Saturday, 21 April 2012

Road Trip Part 2: Downtown Chicago


Having spent some time checking out the supermarkets, shoe shops and fast food places in suburban Illinois, we had a day to leave the 'burbs and head out into Chicago on the Northwest train that takes you into Oglivie Station.  We were really lucky that it was such a sunny day.  The city was at its best that way.




We headed for Willis tower (formerly Sears tower) first, 

hoping to do the tourist thing of going up to the top and taking some photos but there was a super-long queue and right next to us serious construction work was going on and making a LOT of noise, which the architect felt he just couldn't bear, so we decided to head off to Millennium park instead.

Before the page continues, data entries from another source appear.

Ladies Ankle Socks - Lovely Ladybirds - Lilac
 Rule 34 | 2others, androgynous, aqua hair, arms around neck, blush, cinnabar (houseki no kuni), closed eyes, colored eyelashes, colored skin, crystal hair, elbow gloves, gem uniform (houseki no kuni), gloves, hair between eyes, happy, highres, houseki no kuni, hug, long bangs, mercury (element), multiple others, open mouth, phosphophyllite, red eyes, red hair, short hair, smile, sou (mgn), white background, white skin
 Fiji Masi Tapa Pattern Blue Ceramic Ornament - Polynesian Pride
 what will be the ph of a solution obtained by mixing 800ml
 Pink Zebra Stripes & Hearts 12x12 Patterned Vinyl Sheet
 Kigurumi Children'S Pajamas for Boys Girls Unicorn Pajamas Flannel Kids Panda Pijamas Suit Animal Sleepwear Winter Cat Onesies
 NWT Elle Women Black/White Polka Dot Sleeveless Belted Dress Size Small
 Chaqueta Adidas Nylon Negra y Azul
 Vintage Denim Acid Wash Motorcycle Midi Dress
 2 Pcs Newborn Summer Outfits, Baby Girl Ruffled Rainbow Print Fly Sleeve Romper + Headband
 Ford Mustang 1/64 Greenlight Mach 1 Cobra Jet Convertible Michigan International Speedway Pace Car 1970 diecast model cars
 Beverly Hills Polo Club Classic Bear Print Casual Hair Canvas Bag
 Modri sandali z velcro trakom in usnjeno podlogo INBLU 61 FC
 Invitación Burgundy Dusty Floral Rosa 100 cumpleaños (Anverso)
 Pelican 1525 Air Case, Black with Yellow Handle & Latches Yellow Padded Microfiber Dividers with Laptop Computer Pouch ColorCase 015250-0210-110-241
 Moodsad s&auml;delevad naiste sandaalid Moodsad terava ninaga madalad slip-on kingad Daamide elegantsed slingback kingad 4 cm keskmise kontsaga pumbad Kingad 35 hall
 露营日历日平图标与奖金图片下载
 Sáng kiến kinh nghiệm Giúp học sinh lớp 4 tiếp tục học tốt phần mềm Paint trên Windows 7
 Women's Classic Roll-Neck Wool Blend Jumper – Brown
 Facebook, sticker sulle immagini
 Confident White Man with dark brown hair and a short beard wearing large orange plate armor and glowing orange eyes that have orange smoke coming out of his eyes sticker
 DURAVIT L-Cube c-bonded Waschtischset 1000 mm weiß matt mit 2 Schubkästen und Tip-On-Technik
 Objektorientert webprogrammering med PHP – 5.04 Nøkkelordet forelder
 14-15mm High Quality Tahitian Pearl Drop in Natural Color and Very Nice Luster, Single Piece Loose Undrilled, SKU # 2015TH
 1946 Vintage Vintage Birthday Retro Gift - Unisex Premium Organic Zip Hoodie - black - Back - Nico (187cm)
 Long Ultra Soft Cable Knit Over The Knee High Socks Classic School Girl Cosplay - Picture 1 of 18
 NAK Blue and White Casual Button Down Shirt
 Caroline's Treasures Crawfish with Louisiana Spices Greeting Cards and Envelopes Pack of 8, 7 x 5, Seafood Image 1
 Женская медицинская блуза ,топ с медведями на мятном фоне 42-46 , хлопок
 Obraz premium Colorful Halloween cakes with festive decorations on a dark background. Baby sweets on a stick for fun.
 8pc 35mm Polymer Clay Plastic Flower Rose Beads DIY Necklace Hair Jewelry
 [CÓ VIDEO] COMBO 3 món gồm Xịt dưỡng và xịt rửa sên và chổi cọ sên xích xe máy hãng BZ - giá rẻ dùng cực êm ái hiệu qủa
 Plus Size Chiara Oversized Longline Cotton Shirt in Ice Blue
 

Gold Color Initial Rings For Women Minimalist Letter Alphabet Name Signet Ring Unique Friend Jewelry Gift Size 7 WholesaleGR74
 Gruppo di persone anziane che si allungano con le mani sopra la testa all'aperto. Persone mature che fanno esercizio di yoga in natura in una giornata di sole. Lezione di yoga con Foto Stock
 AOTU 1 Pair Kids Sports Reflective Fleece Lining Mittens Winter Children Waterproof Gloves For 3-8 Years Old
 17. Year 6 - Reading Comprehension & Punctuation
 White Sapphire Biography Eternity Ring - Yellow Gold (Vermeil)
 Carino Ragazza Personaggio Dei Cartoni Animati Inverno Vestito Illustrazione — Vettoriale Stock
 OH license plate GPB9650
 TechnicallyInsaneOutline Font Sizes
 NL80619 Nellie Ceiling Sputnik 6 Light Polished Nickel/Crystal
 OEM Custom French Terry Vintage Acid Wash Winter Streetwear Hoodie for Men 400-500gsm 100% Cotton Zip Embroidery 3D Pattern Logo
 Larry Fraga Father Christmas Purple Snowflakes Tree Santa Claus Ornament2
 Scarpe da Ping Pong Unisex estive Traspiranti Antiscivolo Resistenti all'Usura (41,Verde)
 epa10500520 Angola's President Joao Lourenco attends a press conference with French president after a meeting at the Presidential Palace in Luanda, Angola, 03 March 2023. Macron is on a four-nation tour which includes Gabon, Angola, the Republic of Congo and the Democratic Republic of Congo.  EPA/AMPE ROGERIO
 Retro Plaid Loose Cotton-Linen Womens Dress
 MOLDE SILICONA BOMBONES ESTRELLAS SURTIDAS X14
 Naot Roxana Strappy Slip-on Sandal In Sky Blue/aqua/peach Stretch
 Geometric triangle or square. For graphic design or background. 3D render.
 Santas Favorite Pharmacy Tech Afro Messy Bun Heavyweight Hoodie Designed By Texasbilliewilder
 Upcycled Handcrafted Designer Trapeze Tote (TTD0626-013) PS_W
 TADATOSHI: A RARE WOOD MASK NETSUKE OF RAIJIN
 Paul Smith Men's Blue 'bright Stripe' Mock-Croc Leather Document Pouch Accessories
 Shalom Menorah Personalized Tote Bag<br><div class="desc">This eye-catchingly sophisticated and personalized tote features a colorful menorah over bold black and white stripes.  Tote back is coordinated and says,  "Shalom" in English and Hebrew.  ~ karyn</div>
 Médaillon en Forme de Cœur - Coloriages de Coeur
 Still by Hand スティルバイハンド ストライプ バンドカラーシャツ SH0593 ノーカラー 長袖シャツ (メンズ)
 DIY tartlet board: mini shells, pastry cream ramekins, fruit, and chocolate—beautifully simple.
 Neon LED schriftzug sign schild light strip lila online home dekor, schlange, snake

I've been here before, but I still marvel at the skyscrapers, overhead 'L' tracks and the crazy reflective 'bean' in Millennium park.  

The architect, with his brand new and groovy camera also marvelled at anything and everything around us.  It's his first time in the States, so he was lapping it all up and finding it all rather a lot to take in. 

While walking around Millennium park we got a taste of American parenting as a little kid who could not have been more than 4 years old, kept running ahead when his parents and older sister told him to wait.  The little tyke even stopped, turned to face his parents and said, "I can do whatever I want."  To which his parents just giggled and tried to persuade him to be more careful.  I would have given him hell.  What an ego!  If the kid thinks that at 4, what will he be like at 18?  God help that family.  The architect said he would have been yelled at and pulled into line bigtime if he'd said that to his parents when he was a kid.  

We continued on our way through the park and decided to aim for Navy Pier, 

and in resolute, totally un-American style, we walked all the way.  And it was a long way, believe me, and not paved with easy access either, but we got there and rewarded ourselves with huge Haagen Dazs ice creams.  Something called 'Rocky Road' had bits of Oreo cookies in it and chocolate ice cream with caramel topping.  Mmmm.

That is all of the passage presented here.